Records drawn from a dataset
★ ★ ★ ★

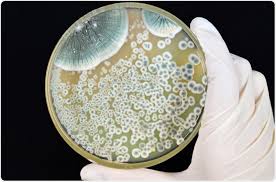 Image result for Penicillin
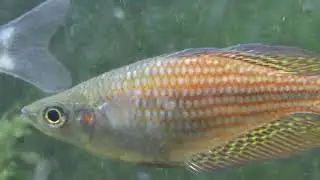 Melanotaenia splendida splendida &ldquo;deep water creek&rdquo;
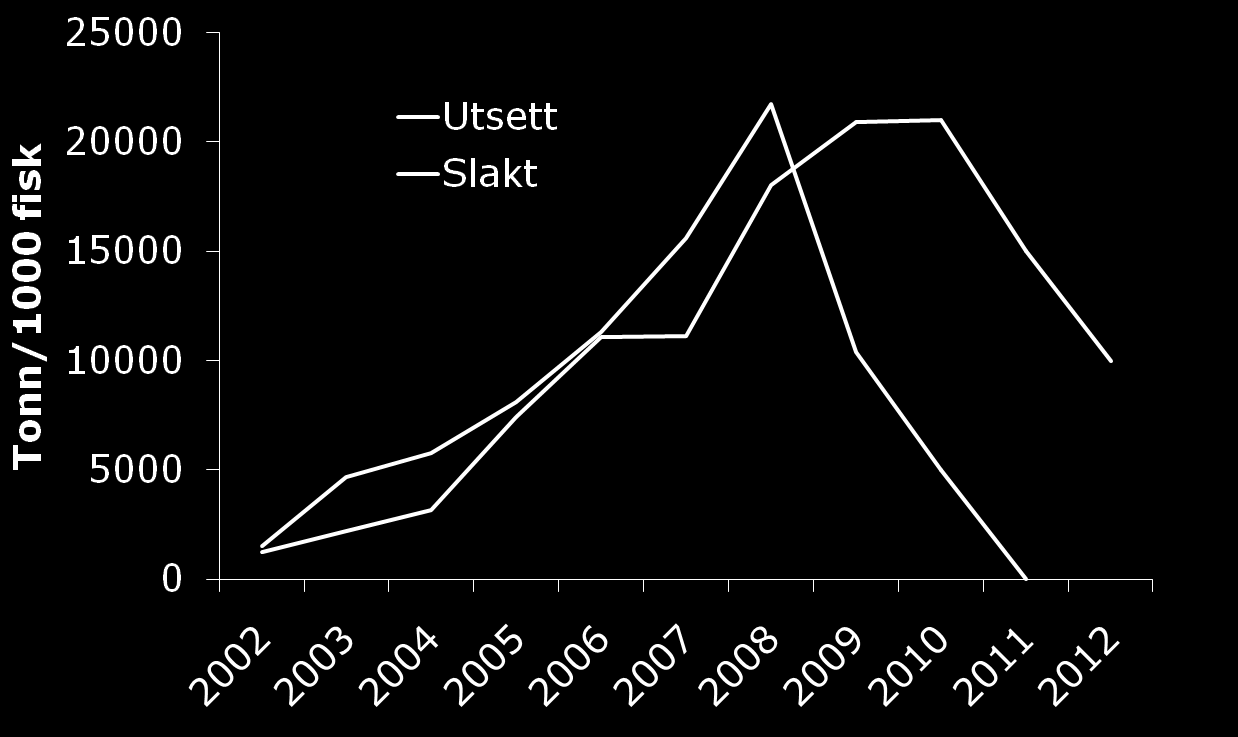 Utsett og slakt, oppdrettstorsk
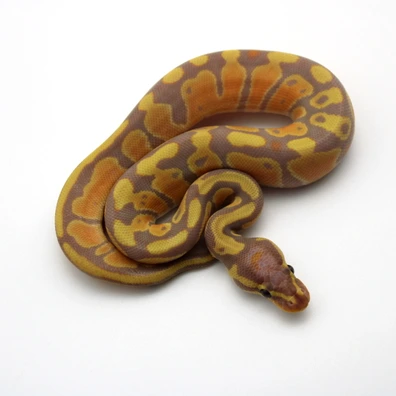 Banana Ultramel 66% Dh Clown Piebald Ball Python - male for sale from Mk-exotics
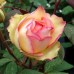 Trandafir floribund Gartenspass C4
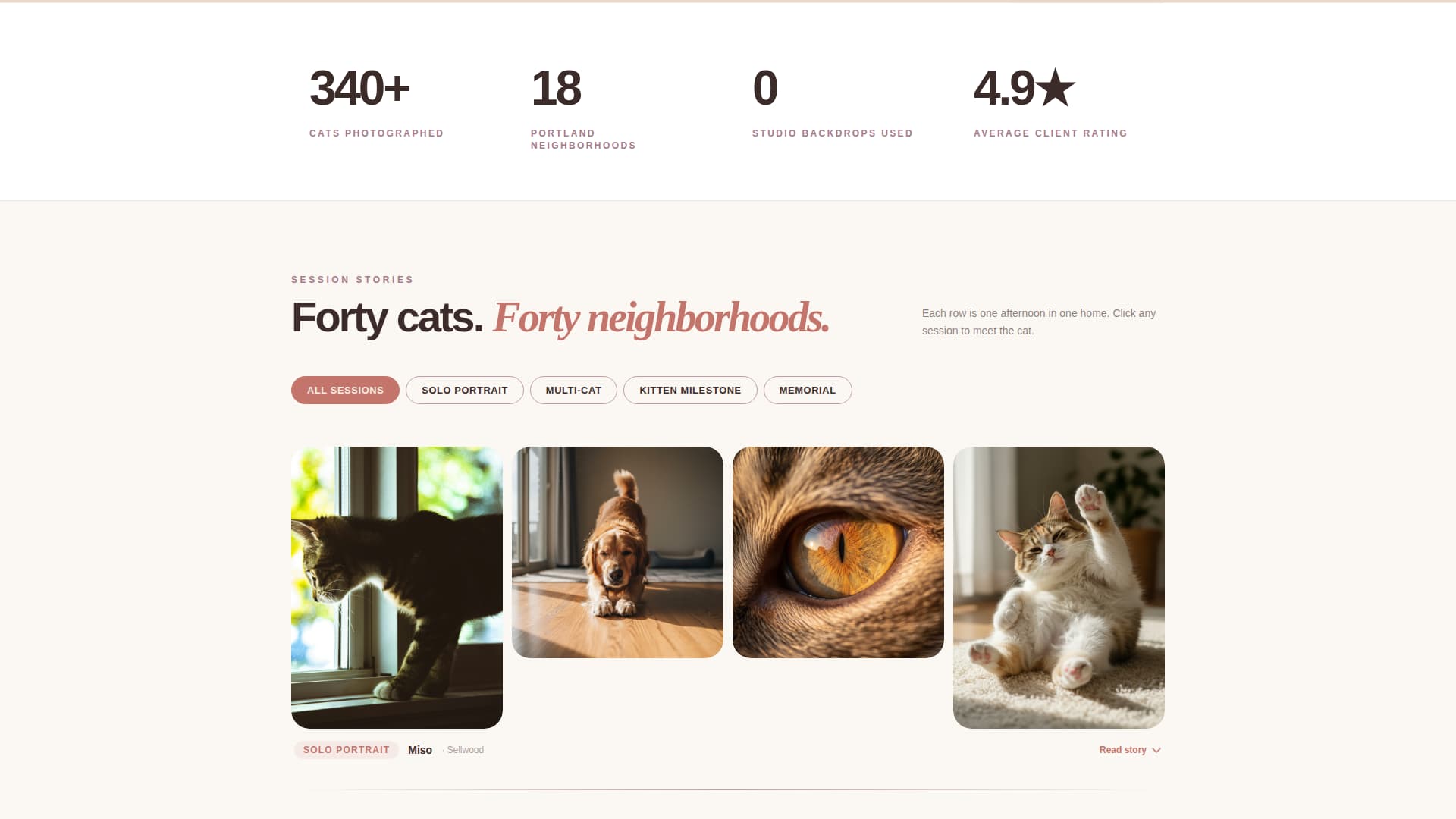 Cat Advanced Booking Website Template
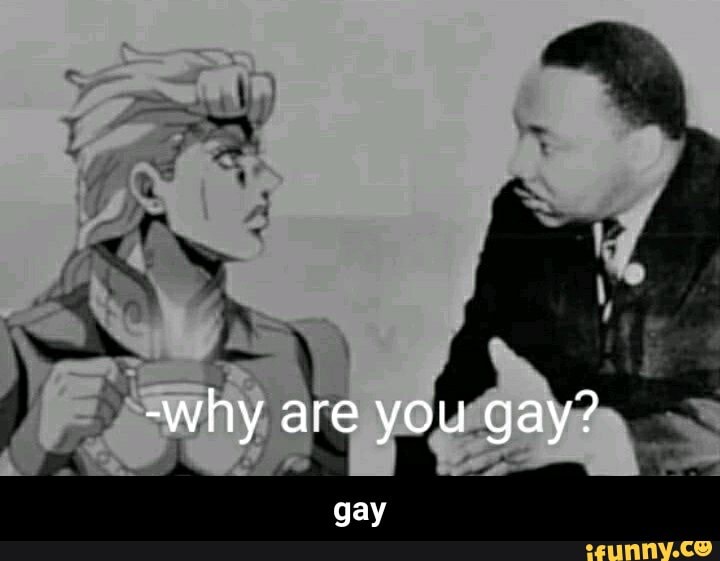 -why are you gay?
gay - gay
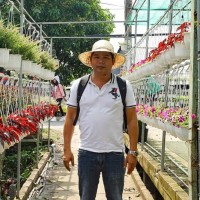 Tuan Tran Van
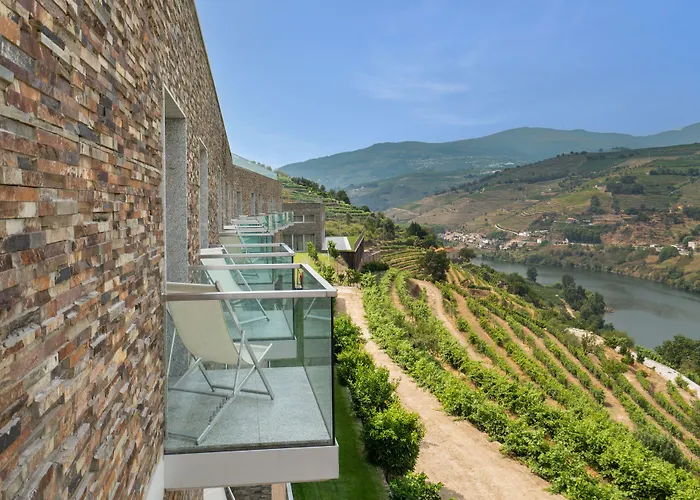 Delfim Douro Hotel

★ ★ ★ ★

→ Goal of the exercise: Your copy should hold exactly the lines from the line bearing "Trandafir floribund Gartenspass C4" through the end of the data, both included, and no pictures or anything further.

→ Worked solution:
 Trandafir floribund Gartenspass C4
 Cat Advanced Booking Website Template
 -why are you gay?
gay - gay
 Tuan Tran Van
 Delfim Douro Hotel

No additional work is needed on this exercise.